Supplied information:
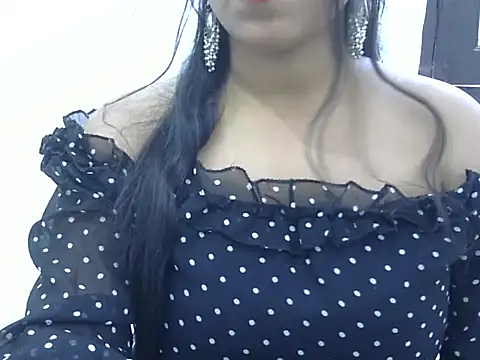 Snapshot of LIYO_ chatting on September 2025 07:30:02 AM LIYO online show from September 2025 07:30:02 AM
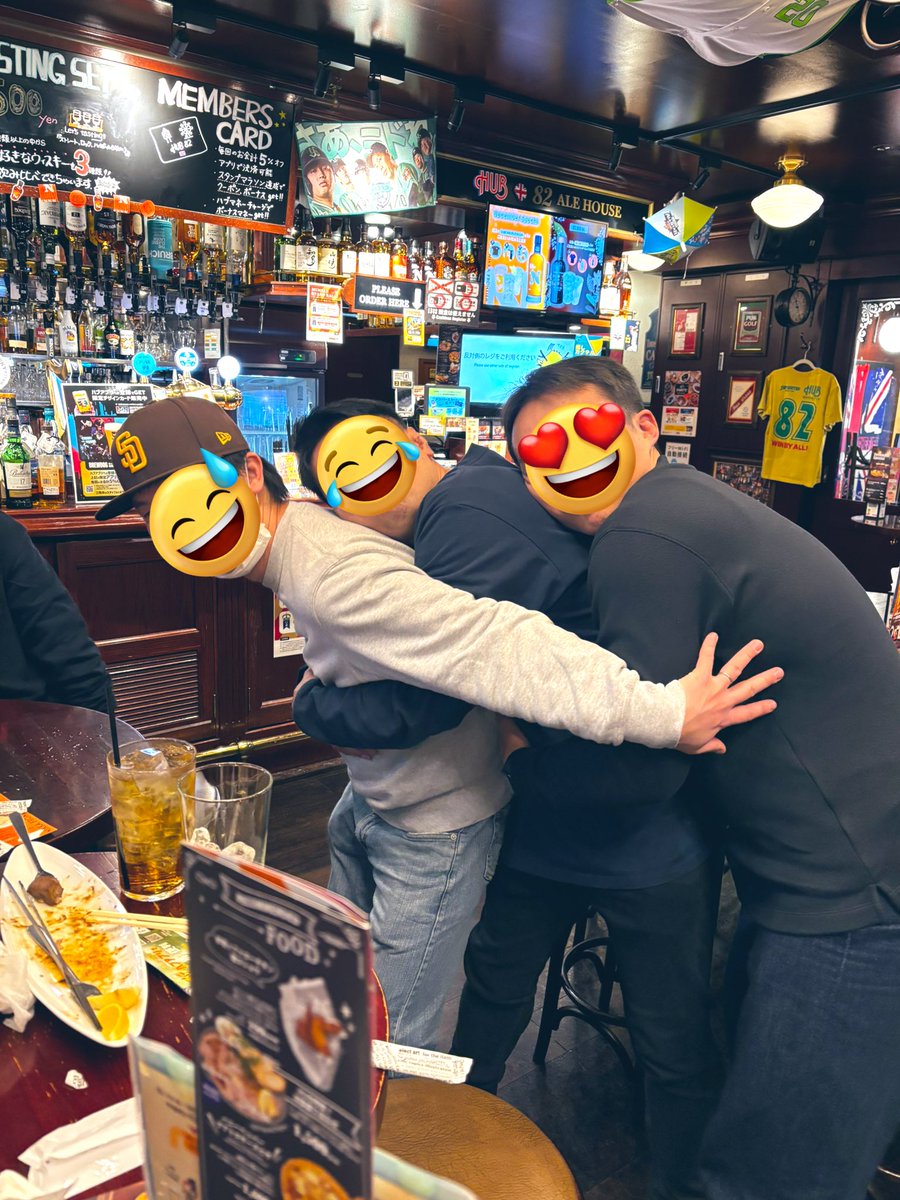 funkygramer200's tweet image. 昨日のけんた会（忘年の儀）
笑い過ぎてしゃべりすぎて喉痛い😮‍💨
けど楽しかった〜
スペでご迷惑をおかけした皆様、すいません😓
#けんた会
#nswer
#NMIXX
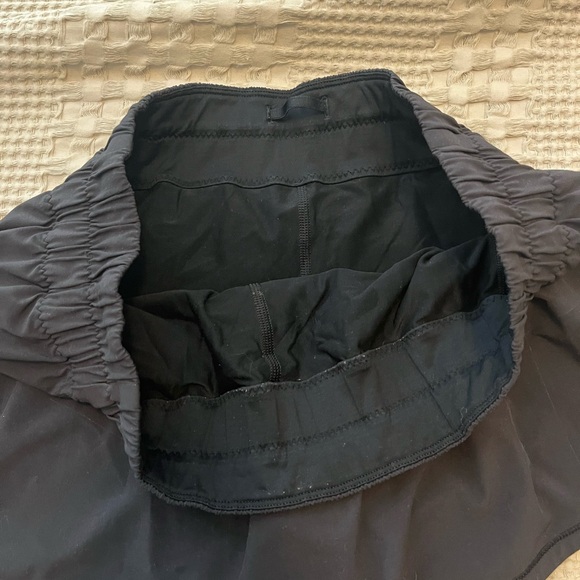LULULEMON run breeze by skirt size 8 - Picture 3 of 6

Instructions to follow:
The material above is to be transcribed exactly, with all pictures omitted.

Answer space:
 Snapshot of LIYO_ chatting on September 2025 07:30:02 AM LIYO online show from September 2025 07:30:02 AM
 funkygramer200's tweet image. 昨日のけんた会（忘年の儀）
笑い過ぎてしゃべりすぎて喉痛い😮‍💨
けど楽しかった〜
スペでご迷惑をおかけした皆様、すいません😓
#けんた会
#nswer
#NMIXX
LULULEMON run breeze by skirt size 8 - Picture 3 of 6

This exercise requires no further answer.